La méthodologie peu orthodoxe de tests utilisée par le scientifique entretient tout de même le débat. La mèche est allumée. En l’absence de traitement, des milliers voire de millions de Français demandent à pouvoir en bénéficier. Face à une telle pression le gouvernement français autorise ce traitement, tout en précisant que seuls les hôpitaux pourront l’utiliser sur les patients traités dans leurs services. 

Mais le 22 mai, The Lancet donne un gros coup de frein à cet engouement. La revue scientifique britannique publie un article basé sur une étude statistique des morts dans le monde. D’après celle-ci l’hydroxychloroquine a tué plus de patients Covid-19 que la mortalité normale liée à ce virus. Immédiatement la France interdit l’utilisation de la molécule et l’OMS suspend les essais cliniques. Mais… quand il apparaît quelques jours après que les données de l’article sont fantaisistes, la France, l’OMS, et The Lancet font machine arrière. 

Étudions à présent les défauts qui sont venus émailler cette communication générale autour de l’utilisation de l’hydroxychloroquine. 

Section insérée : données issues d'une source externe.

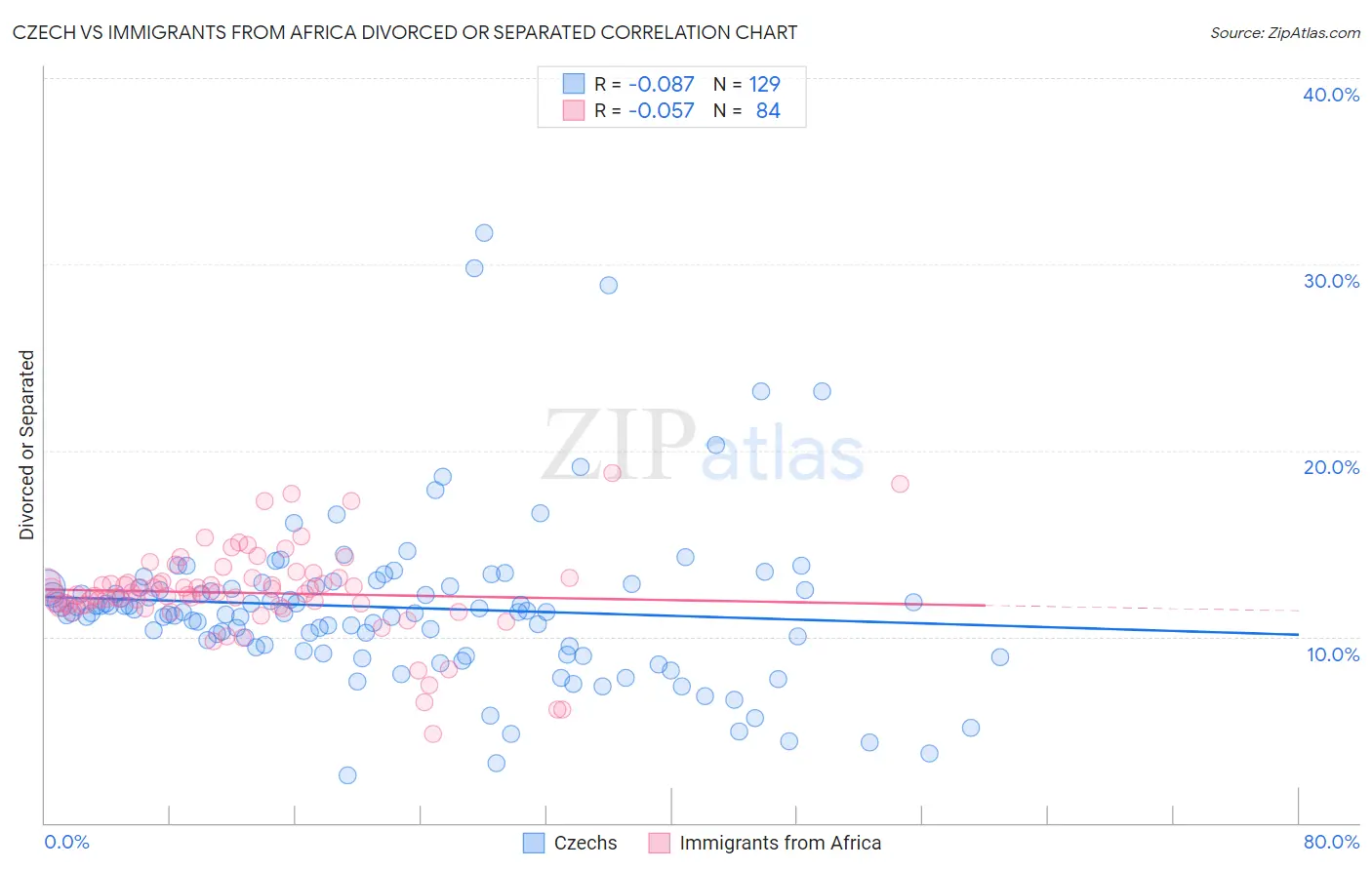 Czech vs Immigrants from Africa Divorced or Separated
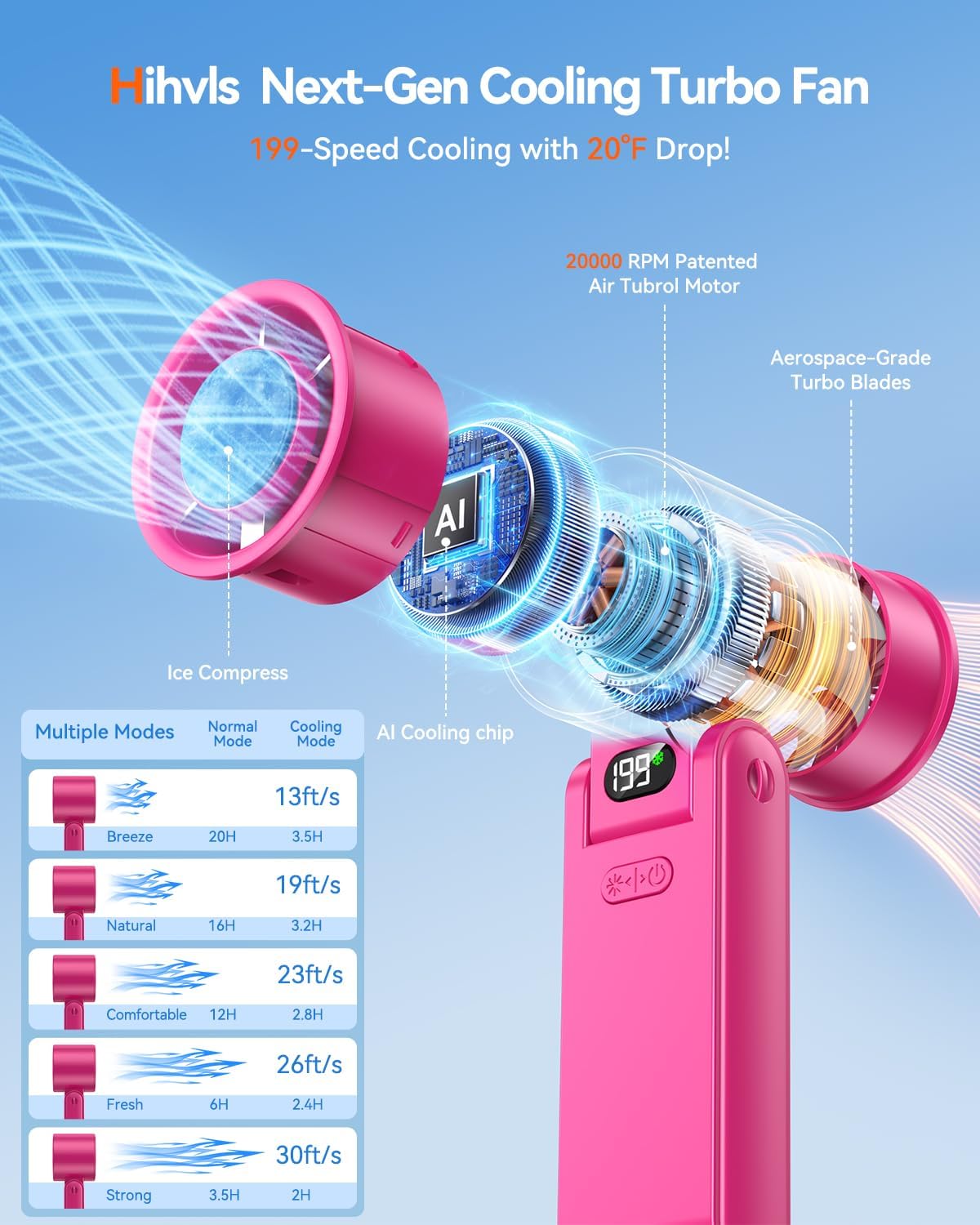 Portable Handheld Fan with Ice Cooler, 199 Speed Personal Fan,5500mAh Rechargeable,20H Cooling Time,20000 RPM Powerful Motor, Summer Essential for Travel/Outdoor/Office, Grey Purple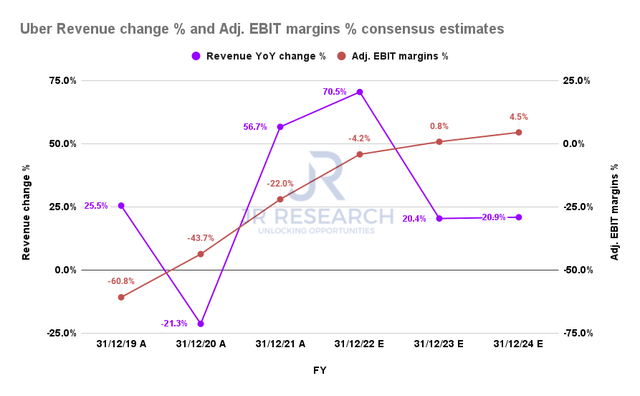 Consensus estimates% change in Uber revenue and adjusted EBIT margins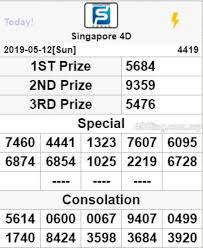 Domino4d Bandar Online Terbesar Dan Terpercaya Togel Live Game Casino Poker Promo Tanya Jawab Wa 0896 2538 4165 Pen Singapore Instagram Posts Today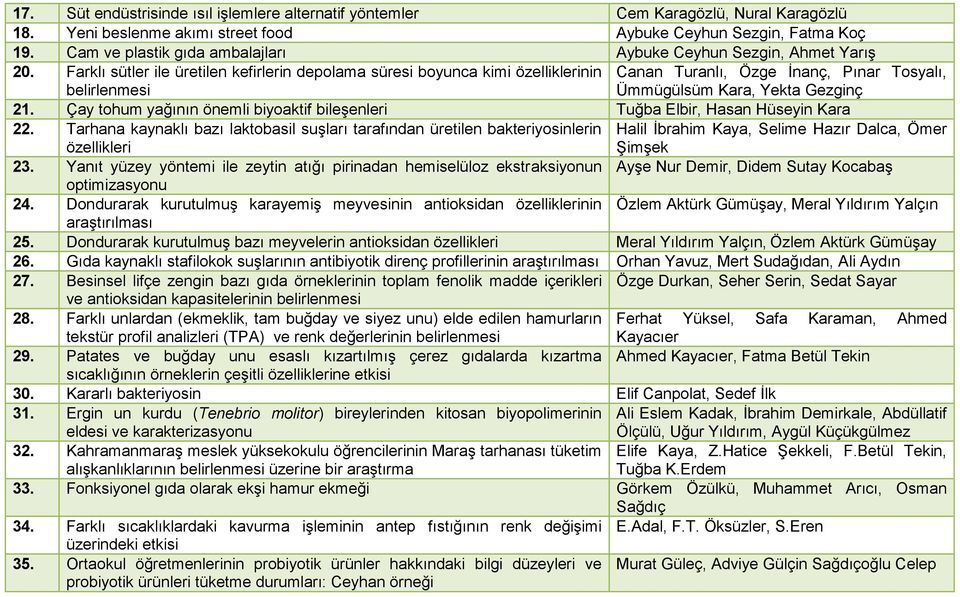 Farklı sütler ile üretilen kefirlerin depolama süresi boyunca kimi özelliklerinin Canan Turanlı, Özge İnanç, Pınar Tosyalı, Ümmügülsüm Kara, Yekta Gezginç 21.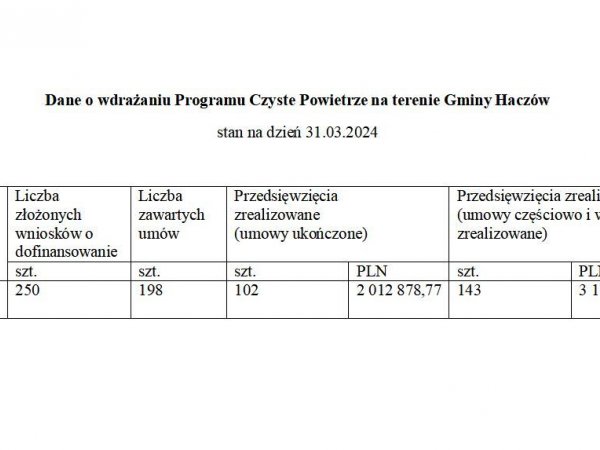 Dane o wdrażaniu Programu Czyste Powietrze na terenie Gminy Haczów stan na dzień 31.03.2024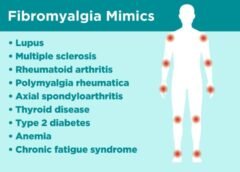 7 Conditions You Might Be Mistaking for Fibromyalgia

1) Une annonce dans l’immodestie la plus complète

Le premier des travers de communication tient en l’annonce initiale du Pr Raoult puisque lors de l’annonce de sa découverte. Il déclame ainsi : « C’en est fini du Covid-19 » avant d’expliquer la solution qu’il a utilisée. Il n’en fallait pas plus pour déchaîner les passions, mais aussi les espoirs. 

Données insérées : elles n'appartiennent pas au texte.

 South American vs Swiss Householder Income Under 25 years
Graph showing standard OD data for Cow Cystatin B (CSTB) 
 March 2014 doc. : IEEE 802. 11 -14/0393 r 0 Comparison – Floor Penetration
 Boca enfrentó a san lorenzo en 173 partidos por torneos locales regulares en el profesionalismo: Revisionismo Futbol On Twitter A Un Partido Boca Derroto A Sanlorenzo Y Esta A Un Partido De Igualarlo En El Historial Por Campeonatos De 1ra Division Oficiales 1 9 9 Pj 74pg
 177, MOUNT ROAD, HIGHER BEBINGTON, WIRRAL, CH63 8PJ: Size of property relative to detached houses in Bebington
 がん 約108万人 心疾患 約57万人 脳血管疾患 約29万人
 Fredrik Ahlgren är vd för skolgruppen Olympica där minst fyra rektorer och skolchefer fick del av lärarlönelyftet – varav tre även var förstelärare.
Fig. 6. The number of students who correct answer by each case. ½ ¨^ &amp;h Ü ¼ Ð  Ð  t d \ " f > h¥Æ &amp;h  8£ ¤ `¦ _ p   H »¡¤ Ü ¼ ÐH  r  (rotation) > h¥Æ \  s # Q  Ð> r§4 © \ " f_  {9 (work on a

2) Une communication à la « David contre Goliath »

Face aux doutes émis notamment sur la régularité des tests effectués, les défenseurs du scientifique communiquent sur le thème du « petit Marseillais rebelle » face au « géant Parisien et son establishment ». Le ver complotiste est déjà dans le fruit de la lutte contre la Covid-19. Ajoutez à cela une pincée de communication offensive sur le faible prix de la molécule face aux intérêts financiers supposés des grands laboratoires.

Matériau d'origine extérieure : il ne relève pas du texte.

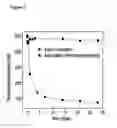 Fig. 08 - Solubilisation Method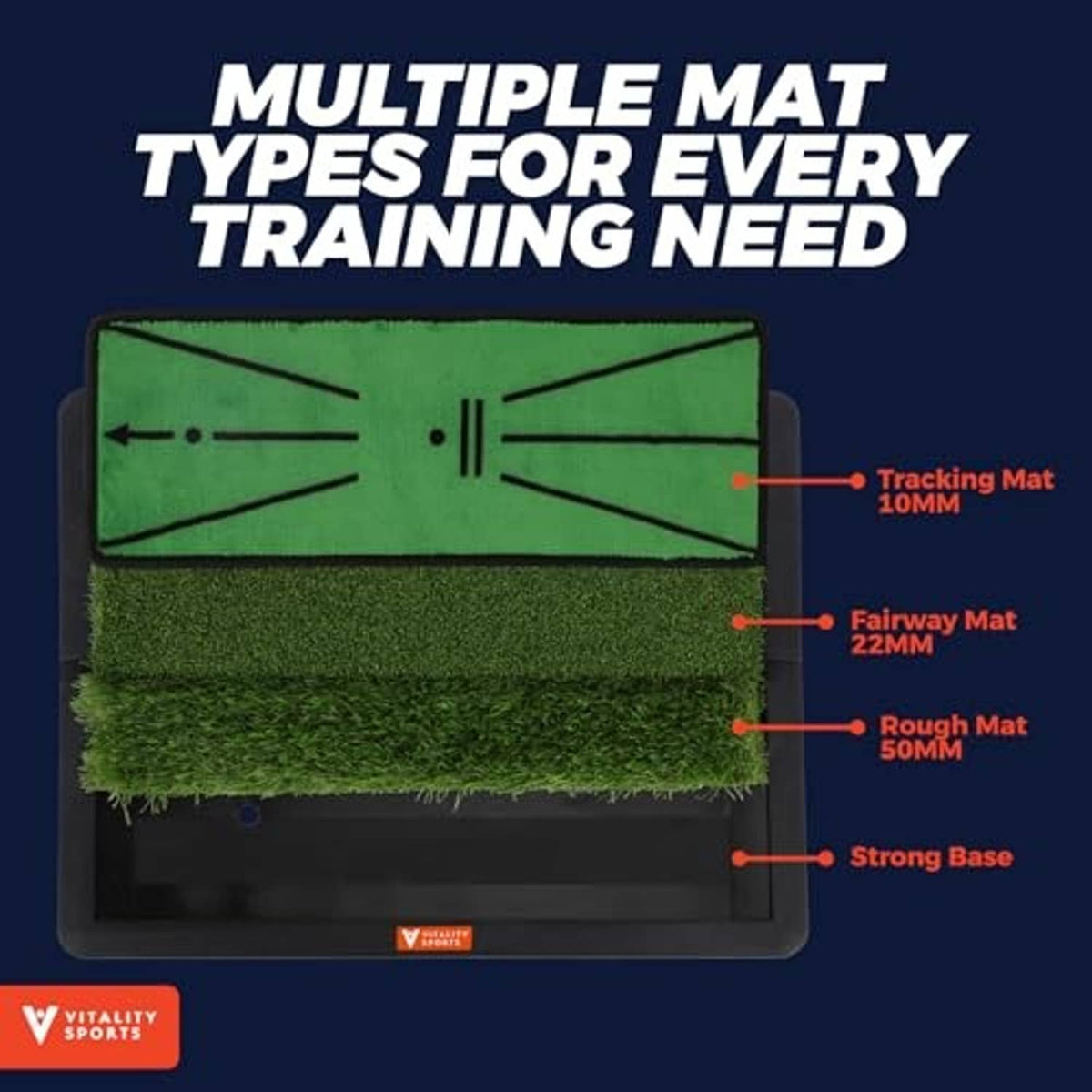 Golf hitting mat showing tracking, fairway, and rough sections with strong base backing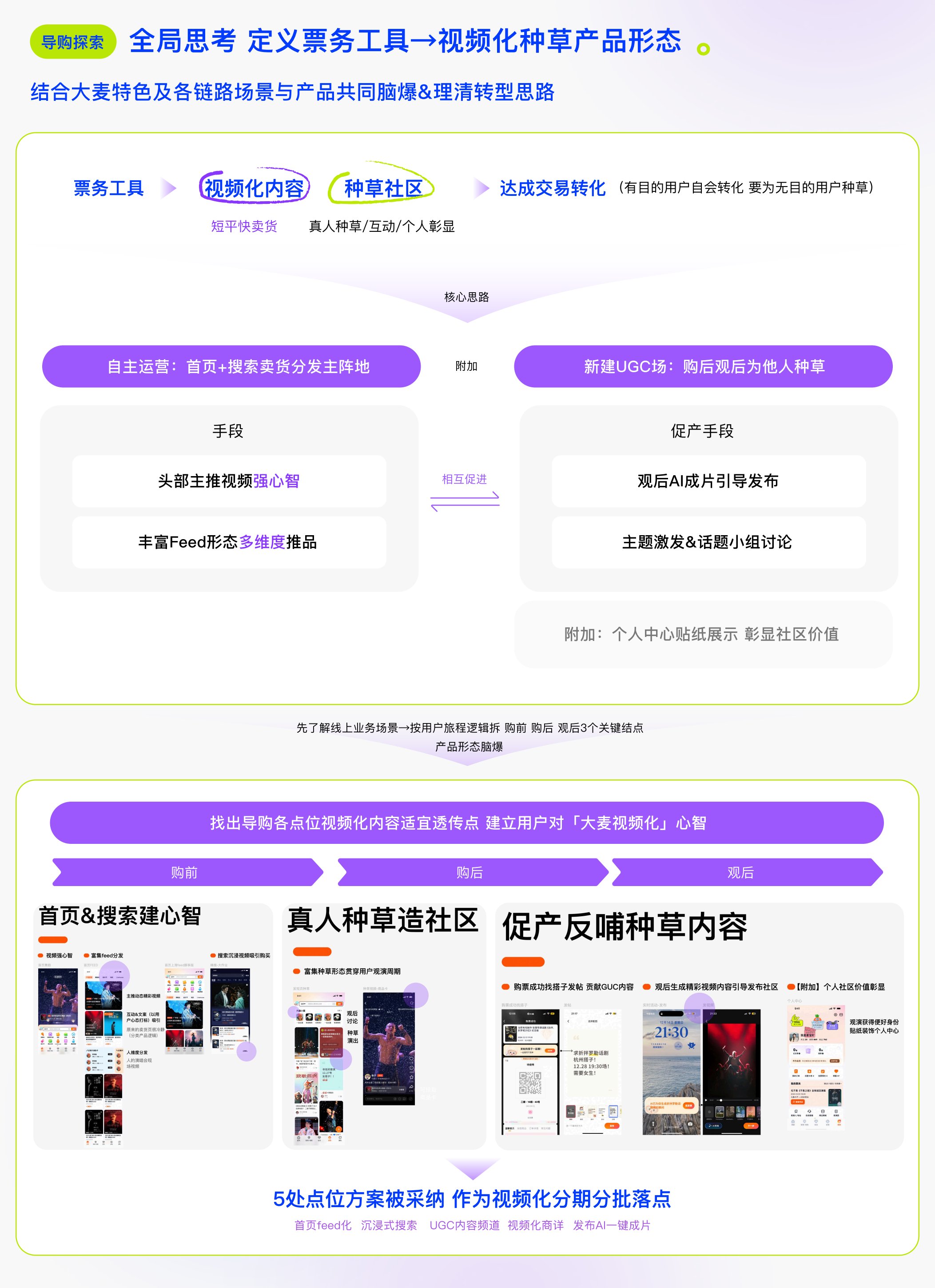 大麦APP - 全局思考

3) Le gouvernement communique vite et flou

L’État annonce certes rapidement sa décision, mais elle est en demi-teinte. En effet, l’hydroxychloroquine est autorisée uniquement sur des patients hospitalisés et donc atteints aux poumons. Mais le Pr Raoult avait indiqué dès son annonce initiale que son traitement ne fonctionnait pas dans ce cas.

4) Une marche en arrière précipitée et irraisonnée

Dernière erreur de communication majeure du gouvernement et de l’OMS : interdire immédiatement le traitement à l’hydroxychloroquine dès la sortie de l’article dans The Lancet… sans même lire l’article ou se laisser le temps de recueillir la contradiction. Le résultat est ainsi catastrophique, puisque, lorsqu’il a été démontré de façon quasi sûre que cette étude était fantaisiste, l’État français et l’OMS ont dû faire machine arrière. 

Pourquoi ces erreurs combinées ont-elles fait le lit des complotistes ?

Le propre des groupes complotistes aujourd’hui est de prendre une information fiable, vérifiée et vérifiable et de bâtir sur cette base un raisonnement faussé et fallacieux. Et après les rumeurs sur la création du virus par les États pour faire taire la population et éviter des révoltes, cet épisode de l’hydroxychloroquine est venu compléter le tableau. 

À communiquer dans l’immédiateté et sans réflexion, la communication opère l’effet exactement inverse de ce que l’on souhaitait.  

Afin d’éviter ce gâchis, voici ce qui aurait pu être fait : 

  1. Pour le Pr Raoult, annoncer que l’hydrochloroquine présentait des effets encourageants dans la recherche d’un traitement contre la Covid-19 et que les tests vont continuer. 
  2. Pour le gouvernement, communiquer en toute transparence sur l’hydroxychloroquine et indiquer que, même en « temps de guerre », une règle de prudence doit s’appliquer, même si le ministère des Solidarités et de la Santé raccourcira au maximum les délais.
  3. Ne pas trop tarder à valider le traitement ou à l’infirmer, mais dans les conditions prescrites par le Pr Raoult et rendre public la décision gouvernementale.
  4. À la sortie de l’article dans The Lancet, prendre la distance nécessaire et solliciter le Pr Raoult sur ces résultats. Une fois le côté « fantaisiste » avéré, organiser une prise de parole conjointe ou non, avec le scientifique et porter à la connaissance du public les raisons de ne prendre l’article au sérieux.

Une chronique de Bruno Sanvoisin, dirigeant de BS Conseil et Communication. Il représente le Syndicat national des attachés de presse (Synap) en Auvergne-Rhône-Alpes.